Tech Review: Canon Rebel T3i



So I lost my job and decided that the best way to spend my severance money was on a camera. After an exhaustive search of consumer reports and they guy at Mike’s Camera, I settled on the T3i for several reasons.

  •  First off, I’ve never really been an avid photographer – I’ve forgotten my point and shoot at home for more than one vacation – but everybody who has been unfortunate enough to view what I’ve taken all say I’m “pretty good.” So ,I went with the camera that was “pretty good”.  It’s by no means a pro series camera, but it gets the job done and done well.
  •  Nextly the price, all together my kit was a bit more than $1000 bucks but with that, I got the T3i body, Canon EF-S 18-135mm 1:3.5-5.6 IS lens, 2 batteries for the camera, HDMI cable that I’ll probably never use, UV filter and a 16GB SD memory card. So with all that, I would say it’s not too bad.
  •  Lastly, accessories: there are many, many, MANY things that you can get to bring this camera up to snuff and allow it to grow with you as you grow as a photobug. From over 300 different lenses ranging from super close up macro lenses, to all out telephoto zoom lenses that will let you pick out a bug on a windshield across the street. So far for my collection, I’ve picked up another lens Canon EF 75-300mm 1:4-5.6 telephoto zoom, Lowepro Fastpack 100 Backpack, Flash diffuser, and a set of Polaroid filters, and, coming to me as I write this, is a new strap (we’ll get in to that later) and battery grip.



  •  This camera is so much better than I thought it was when I bought it. The pictures come out amazing, crisp clean, everything that I could have asked for.
  • The picture quality – for a consumer quality entry level DSLR this thing has an 18MP sensor! That’s like 16 more than my point and shoot!
  • It’s fairly light weight and can comfortably be carried around all day given the correct strap (again I’ll get into that in a minute).
  • The battery life is awesome; I’ve shot all day at the zoo taking hundreds of photos and not even cracked the shell on the charge.
  • It’s easy to use and understand.  I’ve never really used a good SLR camera and never had a DSLR before but all the settings are straight forward and up front.
  • It’s comfortable; it sits in your hand very nicely, the grips feel natural even for someone with long fingers, such as myself.



  •  THE STRAP! To put it kindly, this thing sucks! 2 hours into a 6 hour carry, it was gouging my neck so bad I kept checking for blood.

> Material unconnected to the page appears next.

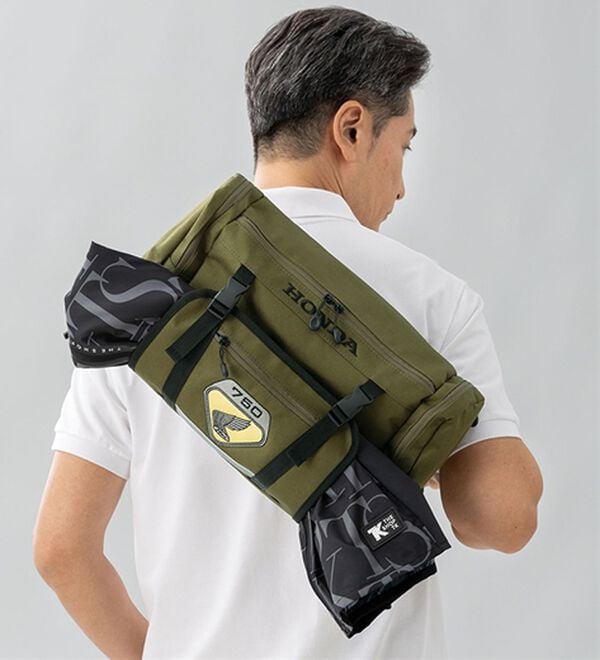 「＜ＨＯＮＤＡ＞ＣＢ７５０フォアファニーパック（バッグ）（その他メンズバッグ）」｜詳細画像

It’s too short, and by that I mean by about 6-8 inches, the safe way to carry a camera of this size is slung over you shoulder with it coming to rest under your opposing arm, reach over grab with your main hand and call it happy, but if you carry this thing like that, you are forced to crane your neck and look like a tool, so you are forced to carry over on shoulder and lead it to the possibility of slipping off if you start walking to briskly (at a normal pace).
  • The flash – I’ve never taken a photo with this flash that wasn’t washed out or had hard shadows. Even when using this as a supporting light source to say THE SUN, hard shadows, the only way to really elevate this is by either procuring an electronic adjustable and aim-able flash for around $250-$400 bucks, or a flash diffuser, which softens the light coming off of the built-in flash unit and lessens the hard shadows.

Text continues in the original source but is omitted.